According to his half-brother, while living in South Sudan, Mabiour had been physically attacked and hit on the head, receiving brain surgery after coming to Canada. His half-brother also said that the family had a history of mental illness. He was described by members of the community as being a loner, exhibiting anti-social behaviour often.

Prior to the attack, Mabiour had no criminal history in Canada.

== Trial and death ==
Mabiour was taken into custody at the Red Deer Remand Centre. He had applied for a lawyer via legal aid but later cancelled his request. During his first court appearance on August 12 with the Red Deer provincial court, he was uncooperative, claiming that he was sick and did not remember the attack, during this appearance Mabiour declined needing an interpreter. He made another brief court appearance with the Red Deer provincial court on September 9. During the appearance Mabiour did not respond when being asked if he wanted a lawyer, and instead tried to explain his motive to the judge, along with complaining about his knee being sore. When asked if he understood the charges he did not respond, leading to the judge requesting him to be assessed as to whether he was fit to stand trial.

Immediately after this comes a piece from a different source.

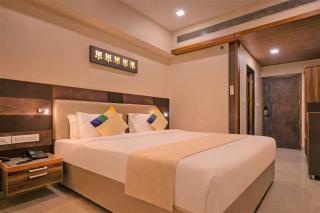 Hotel Mandovin - A Premium Hotel In Udaipur - 0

Due to the COVID-19 pandemic, all court appearances were made by video call. Mabiour was later determined to be fit to stand trial, being transferred from the Southern Alberta Forensic Psychiatry Centre to the Calgary Remand Centre. Mabiour pleaded not guilty to first-degree murder, assault of a peace officer, and assault with a weapon. He made another court appearance with the Court of King's Bench of Alberta on 20 May 2021, where his jury trial was set to run from November 22 to December 17.

On 1 November 2021, Mabiour died at the Foothills Medical Centre in Calgary, only a few weeks before his trial was set to begin. His cause of death was not revealed, although Mabiour had been receiving treatment for his colon cancer while in custody since March.

== Reactions ==
A makeshift memorial was created outside of the clinic by community members. A GoFundMe for Reynold's family raised over $180,000 CAD within two days of the attack. A vigil was held at Red Deer City Hall on August 12th. Another vigil was held in Edmonton on August 14th. On the day of the attack, condolences were offered by Alberta premier Jason Kenney, health minister Tyler Shandro, and Red Deer mayor Tara Veer. The attack was faced with condemnation from Red Deer's Sudanese community.

The murder also received news coverage in South Africa, owing to Dr. Walter Reynold's background in Pretoria.

The murder had a deep impact on the Canadian medical community, and led to a larger conversation about physician abuse in Canada.

In 2022, an annual memorial run in Red Deer was created in honour of Dr. Walter Reynold, who was an avid marathon runner. On the National Day of Mourning in 2022, a fruit tree was planted in Reynold's memory during a Fallen Worker Tribute memorial ceremony at Bower Ponds Park.